Shea said Christians will also play a key role in stabilizing the area in and around Mosul if they have enough aid to rebuild their homes in the area and other parts of Northern Iraq.
They could also combat Iran's colonization of northern Iraq, where pro-Iranian militias are buying up Christian land in the area to try to broaden their influence.
"Christians and Yazidis need to be able to go back to their towns just to hold them—it's a big national security priority for the U.S.," she said.
In late June, Rubio, along with GOP Sens. John Cornyn of Texas, James Lankford of Oklahoma, and Ben Sasse of Nebraska, sent a letter to Secretary of State Rex Tillerson urging him to ensure that the 2017 omnibus appropriations are distributed to "vulnerable and persecuted religious minorities, including victims of genocide designated" by former Secretary of State Kerry.
"It would be a deathblow to pluralism and the prospect of religious freedom and diversity in any future Iraq," the senators wrote, if these victims of genocide don’t receive the humanitarian aid Congress tried to direct to them.
In responding to the senators' letter on July 10, the State Department avoided the question of whether it would allow Catholic or other charitable organizations to receive the appropriations in order to help the Christians, Yazidis, and other religious minorities.

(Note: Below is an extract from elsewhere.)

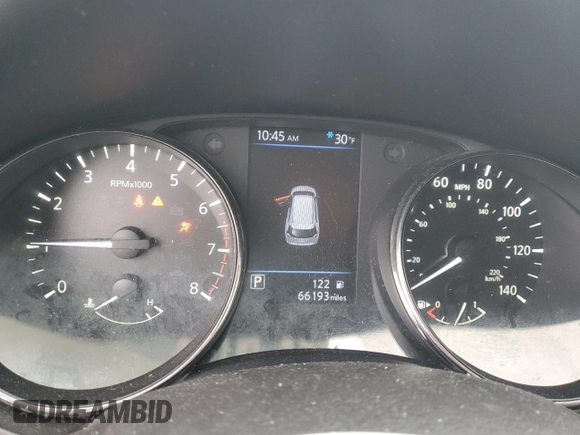 2018 Nissan Rogue SV z VIN JN8AT2MV2JW346549, wystawiony jako Copart lot #82572574 z przebiegiem 66 193 mil mil oraz Szkoda całkowita • Salvage title. Historia ofert i sprzedaży dostępna na DreamBid. Obrazek 9.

Instead, Charles Faulkner of State's Bureau of Legislative Affairs cited a list of U.S. efforts to help the "plight of religious minorities in Iraq" and said the department "shares your grave concern about the situation facing Iraq’s religious and ethnic minorities."
The letter also restates the State Department’s policy and that of the United Nation's of distributing U.S. relief based on means-tested need, instead of the genocide designation providing some priority for targeted communities on the verge of extinction.

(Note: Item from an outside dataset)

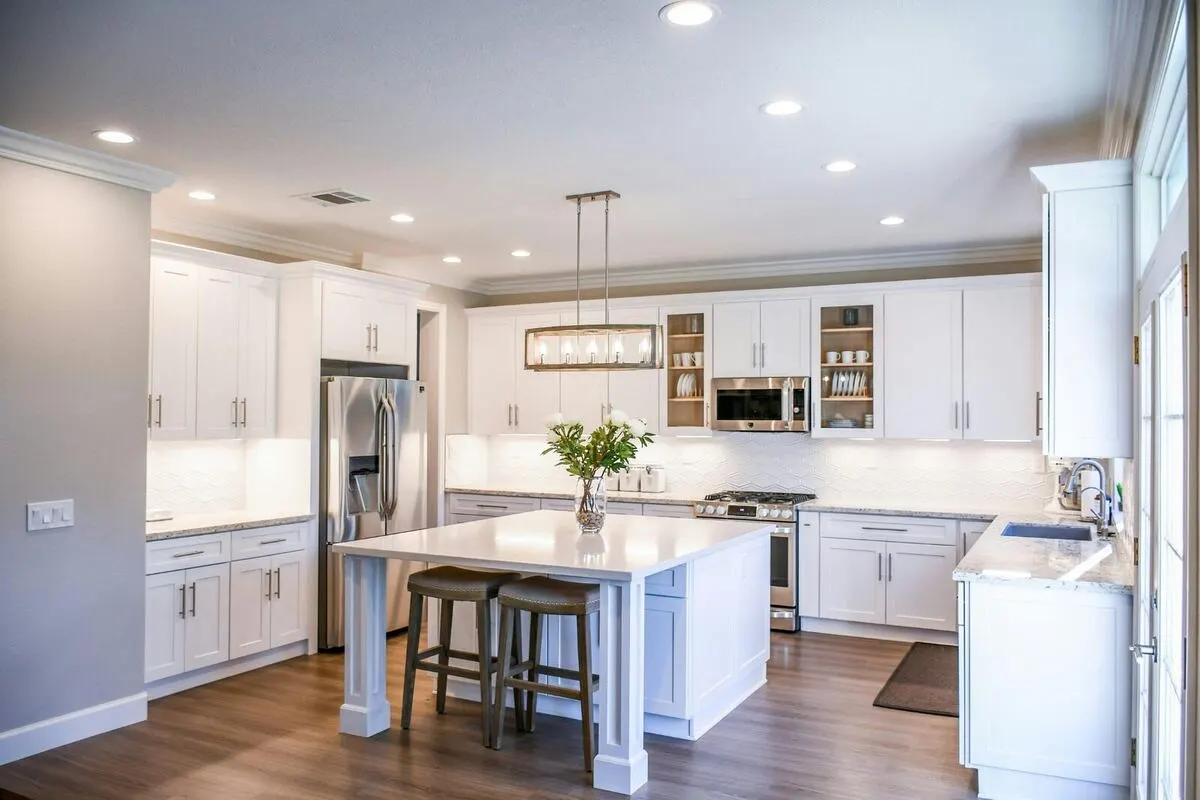 Modern Florida kitchen remodel by ELSO Contracting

"The U.S. government has also provided more than $1.3 billion in humanitarian assistance since 2014 for vulnerable Iraqis in Iraq and in the region," the letter stated. "This assistance is distributed according to individual need, and many members of minority groups have benefited from it because of their unique vulnerabilities."
Faulkner said the State Department "makes efforts" to ensure that the needs of "minority community members" are "taken into consideration," when there are concerns that these communities don’t have access to assistance.
In addition to U.N. stabilization projects in Iraq, he said State's Bureau of Democracy, Human Rights and Labor is managing 22 grants and "interagency agreements" in Iraq, and "since 2004 has been the lead U.S. government entity programming directly to support inclusion of religious and ethnic minorities and other marginalized populations in Iraq."